Transcurridos ya mucho tiempo, durante los últimos años del segundo milenio y principios del tercero han sucedido episodios lamentables que evidencian la capacidad del perro librado del contacto con el hombre, de volver a sus ancestros lupinos.
En el zoo de Mendoza (Argentina) en 1996 una jauría de treinta perros cimarrones mataron a dos guanacos e hirieron a otros tres. El diario El Día, de la ciudad de La Plata, provincia de Buenos Aires, con fecha 27 de marzo de 2003, informa sobre la muerte de cuatro canguros jóvenes recién ingresados al zoológico de esa ciudad por parte de una jauría de perros cimarrones (Chebez y Rodríguez, en prep.).
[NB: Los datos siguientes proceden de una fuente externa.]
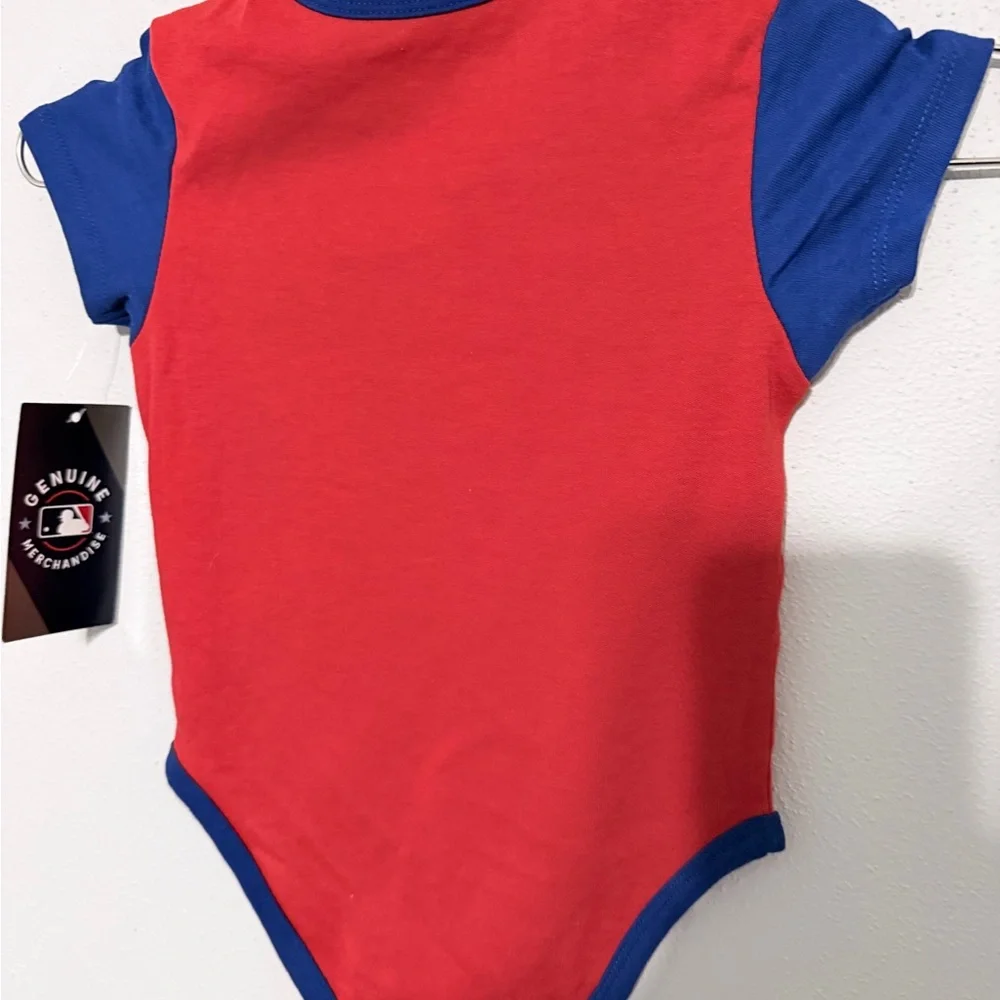 Philadelphia‎ Phillies Baby Bodysuit  Romper Creeper Infant 18 Months NWT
Luego se expresa “...ya en otras oportunidades los perros cimarrones hicieron de las suyas y atacaron otras especies como ovejas, patos, corzuelas y ñandúes”. Algunos años antes, el diario Clarín del 16 de septiembre de 1997, daba cuenta de la muerte de una nena de 10 años en la provincia de Mendoza, también como consecuencia del ataque sufrido por parte de perros semisalvajes, según el término utilizado por ese matutino.
En pleno centro de la Capital Federal de la Argentina, en el sector donde está la Reserva Ecológica Costanera Sur, el periódico La Nación – del 5 de julio de 2006- anuncia que una niña fue herida por una jauría salvaje. En la misma nota periodística se menciona el testimonio del Director de Zoonosis del Instituto Luis Pasteur que asevera que durante el último año se incrementó el número de personas que acuden a ese centro para denunciar que fueron atacadas por perros en la zona de la Reserva.
Este problema afectó seriamente a los venados de las pampas (Ozotoceros bezoarticus) que con gran esmero se conservan en el Parque Nacional Campos del Tuyú y cuya repoblación llevó muchos años de enormes esfuerzos. En más de una oportunidad hallaron venados muertos por jaurías de perros asilvestrados.
Ciervo de las pampas (Ozotoceros bezoarticus)
También en algunos lugares, otro cérvido autóctono amenazado, el ciervo de los pantanos (Blastocerus dichotomus), sufriría la presión de jaurías asilvestradas según señala Parera (2002). En efecto, de las tres poblaciones relictuales que se detectaron en el Delta del Paraná, la de la isla Talavera sufre predación en sus juveniles por parte de perros cimarrones.